Kinematics particle velocity problem

[musicfairy]

Homework Statement

This is from the 1983 ap test. I'm using it to study the concepts but so far it only confused me more.

It goes:

A particle moves so that the x-component of its velocity has the constant value v_x = C; that is, x = Ct

1. Determine the y-component of the particle's velocity as a function of x.

2. Determine the y-cpmponent of the particle's acceleration.

Part b.

Suppose, instead, that the particle moves along the same parabola with a velocity whose x-component is given by vx = C/(a+x²)^1/2

3. Show that the particle's speed is constant in this case.

The Attempt at a Solution

I have the solution, but it doesn't make any sense to me. For the first question they showed dy/dt = (dy/dx)(dx/dt) They said it's the chain rule, but where did that come from? I thought I knew the chain rule until I saw that. Where did t come from?

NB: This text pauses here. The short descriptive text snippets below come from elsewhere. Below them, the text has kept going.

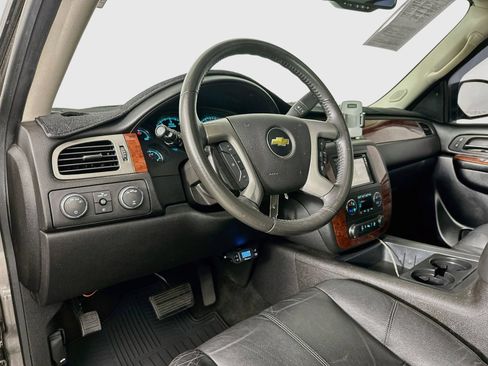 Used 2013 Chevrolet Tahoe LT w/ Luxury Package AWD/4WD image 10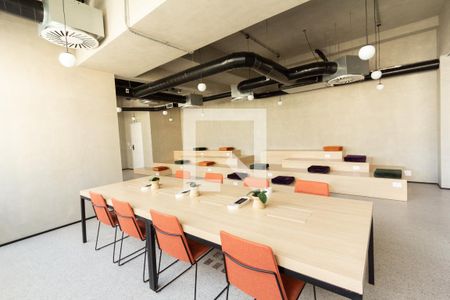 Studio à venda com 27m², 1 quarto e sem vagaÁrea comum - Salão de festas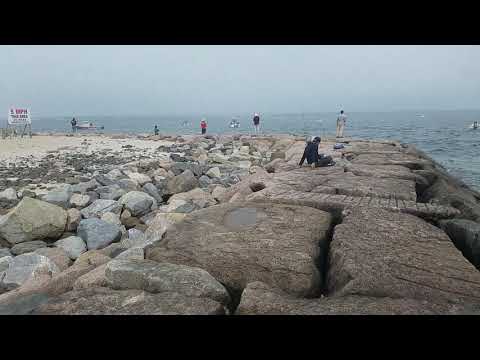 image-What are the best beaches in Hampton Bays? 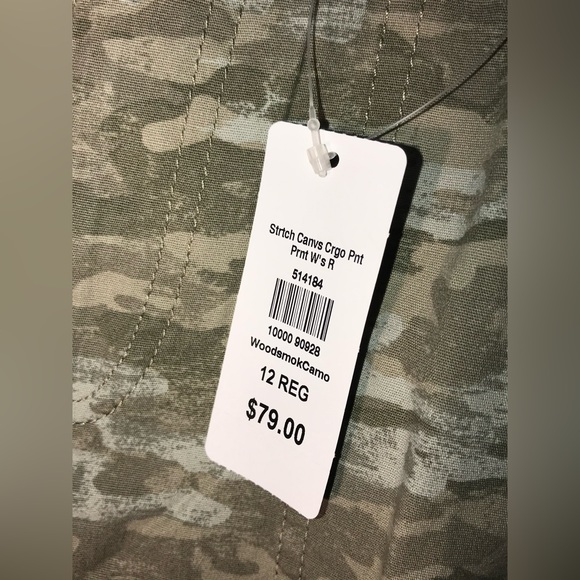 $79 LL Bean Women's size 12 Favorite Fit Stretch Canvas Cargo Pants Camouflage - Picture 5 of 12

I can't figure out where the answer to the 2nd question is from either. They put a_y = (dv_x/dt) = (d/dt)(C²t) = C²
I can't figure out where that came from either.

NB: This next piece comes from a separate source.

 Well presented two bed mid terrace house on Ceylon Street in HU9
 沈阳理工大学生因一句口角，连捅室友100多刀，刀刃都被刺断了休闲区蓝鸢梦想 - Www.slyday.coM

Number 3 confuses me even more than the previous 2. This is what they did:

v = sqrt(v_x² + v_y²)

v_y = dx/dt = (dy/dx)(dx/dt) = xv_x

v = sqrt((v_x²)(1 + x²)) = sqrt( (C²/ 1+x²)(1 + x²)) = C


If you have access to 1983 mech #1 everything looks much better than what I typed.


Can someone please explain all this to me? I'm trying to prepare for the ap test by looking at old problems, but so this one is written in hieroglyphics and I could really use some help.

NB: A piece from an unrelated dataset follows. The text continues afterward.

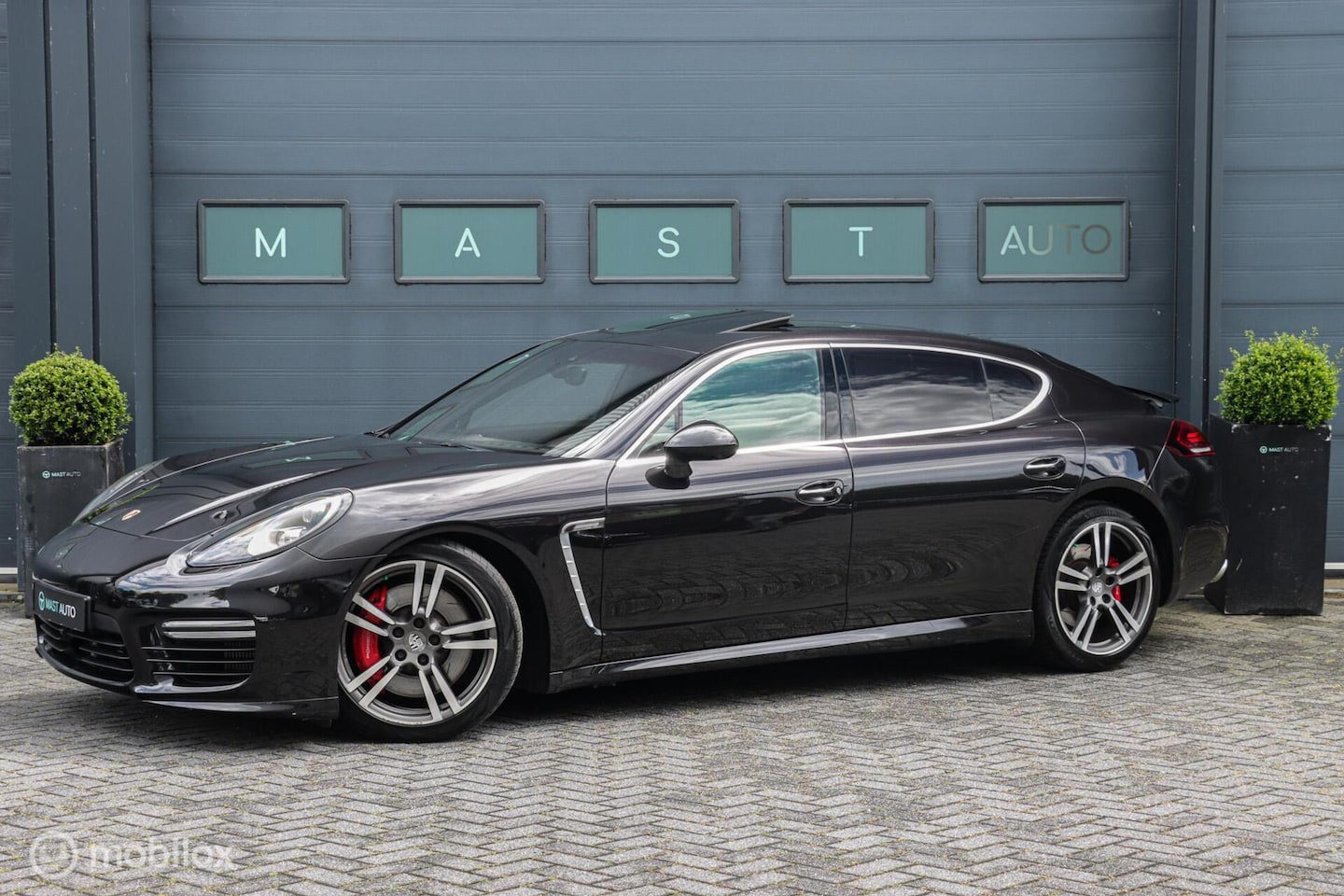 Porsche Panamera - 4.8 Turbo Executive|Sport-Chrono|Luchtvering|Schuifdak|ACC|PDLS+|Sportuitlaat - AutoWereld.nl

And please explain how the chain rule makes dy/dx = (dy/dx)(dx/dt)



Any help is greatly appreciated.

 

[Clairefucious]

Comments on the chain rule:

$$\frac{dy}{dt}$$ may be written as $$\frac{dy}{dt}\frac{dx}{dx}$$. Rearranging we get $$\frac{dy}{dx}\frac{dx}{dt}$$. Does this make a bit more sense by writing in the middle step?

For acceleration $$a = \frac{dv}{dt}$$ and velocity is $$v \frac{dx}{dt}$$. We put these together by substituting v to get [tex] a = \frac{d²x}{dt²}[/tex].

 

[Clairefucious]

Comments on the chain rule:

That last formula was meant to be

$$a = \frac{d^{2}x}{dt^{2}}$$

 

[musicfairy]

Thanks for the chain rule explanation. It makes a lot more sense now.